Wäre nett, wenn ihr mir eure Erfahrungen schreibt.

Jam


----------



## Silke (23. Mai 2008)

*AW:  Wasserstern und Wassermabel*

Hallo,
Wasserstern habe ich auch, allerdings schwimmt es bei mir frei herum...
Und ja - es ist auch immer voller Fadenalgen. Ich reiße so alle 1-2 Wochen die Algen ab und werfe es dann wieder rein. Bis jetzt hat es das immer schadlos überstanden. Du wirst sehen, wie schnell es sich davon erholt. Es ist außerdem der Lieblingsplatz der __ Frösche.


----------



## Nymphaion (23. Mai 2008)

*AW:  Wasserstern und Wassermabel*

Hallo,

es gibt eine bunte Art vom __ Wassernabel? Wirklich vom europäischen Wassernabel? Die ist mir noch nie untergekommen. Was ich kenne ist die bunte Form von Hydrocotyle sibthorpioides.: http://www.lusteraquatic.com/pond_plants/hydrocotyle_sibthorpioides.html


----------



## Jam (26. Mai 2008)

*AW:  Wasserstern und  Wassernabel*

Hallo Werner,

du hast wohl Recht, das ist die Pflanze, die ich meine.

Ich muss mal das Schild raussuchen, meine, da hätte Wassernabel draufgestanden.

Hast du vielleicht trotzdem Wasserstern und Hydrocotyle-mäßige Tipps für mich?

Jam


----------



## Nymphaion (26. Mai 2008)

*AW:  Wasserstern und  Wassernabel*

Hallo,

Wasserstern hat mit starker Sonneneinstrahlung im Sommer ziemliche Probleme. Wir halten ihn inzwischen im Schattenquartier. Das mit den Algen kann ich bestätigen, aber das ist bei uns sowieso ein bißchen anders als im Gartenteich. Wir müssen die Pflanzen ja vermehren, also müssen sie gedüngt werden und deswegen sind bei uns Algen zwangsläufig vorhanden.

Der Wassernabel ist auch bei mir recht heikel.
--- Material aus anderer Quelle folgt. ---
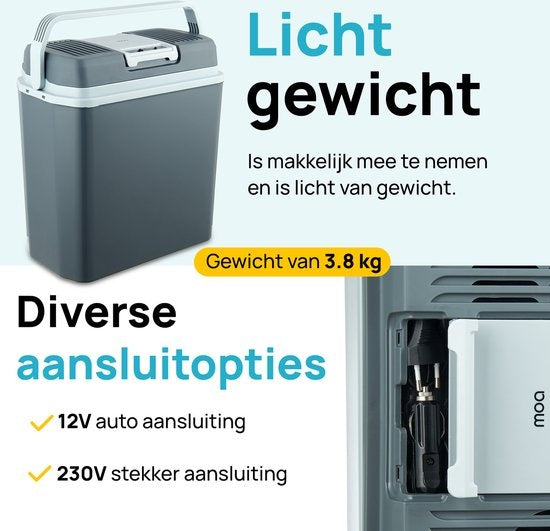 MOA - Elektrische Kühlbox - Warmhaltefunktion - 12V und 230V 22 Liter ECW22 - Grau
Konkurrenz von anderen Pflanzen verträgt er nicht, Kalk im Boden mag er nicht, und wenn er zu nasse Füße bekommt, schreit er 'Huch!', und wenn man ihn flacher setzt, meint er, dass er jetzt dauernd Durst hat ...

Bei beiden Pflanzen ist es am besten, man findet ein Plätzchen das einigermaßen ihren Bedürfnissen entspricht, und dann lässt man sie dorthin wandern, wo sie wollen. Sie wachsen dann garantiert unter Bedingungen, die absolut nicht lehrbuchmäßig sind, wuchern dort aber wie blöd.


----------



## Jam (27. Mai 2008)

*AW:  Wasserstern und  Wassernabel*

Danke für die Antwort,

also werde ich die Pflänzchen jetzt mal "verteilen" und gucken, ob ich an einer Stelle  "Wohlgefühl" bieten konnte  

Gruß
Jam


----------



## chromis (27. Mai 2008)

*AW:  Wasserstern und  Wassernabel*

Hallo,



> Der Wassernabel ist auch bei mir recht heikel. Konkurrenz von anderen Pflanzen verträgt er nicht, Kalk im Boden mag er nicht, und wenn er zu nasse Füße bekommt, schreit er 'Huch!


stimmt, bei mir ist er irgendwann im Moorbet aufgetaucht und wird fast schon lästig. Im Teich hält er sich dezent zurück und hält sich nur in mickrigen Beständen.


----------